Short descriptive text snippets
-.-.-

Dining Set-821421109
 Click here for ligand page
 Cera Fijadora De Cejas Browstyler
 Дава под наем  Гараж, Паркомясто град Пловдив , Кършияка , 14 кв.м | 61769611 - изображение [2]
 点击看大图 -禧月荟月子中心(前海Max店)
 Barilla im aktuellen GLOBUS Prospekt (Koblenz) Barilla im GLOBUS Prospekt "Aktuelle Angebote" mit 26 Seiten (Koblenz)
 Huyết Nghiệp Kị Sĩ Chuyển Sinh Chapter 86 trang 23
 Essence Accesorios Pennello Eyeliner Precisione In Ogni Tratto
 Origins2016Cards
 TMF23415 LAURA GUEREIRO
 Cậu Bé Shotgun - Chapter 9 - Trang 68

-.-.-

**WHAT THE TASK ASKS**
Pull out every line of the entries that includes the word "Chapter".

**SOLUTION FOR THIS PROBLEM**
 Huyết Nghiệp Kị Sĩ Chuyển Sinh Chapter 86 trang 23
 Cậu Bé Shotgun - Chapter 9 - Trang 68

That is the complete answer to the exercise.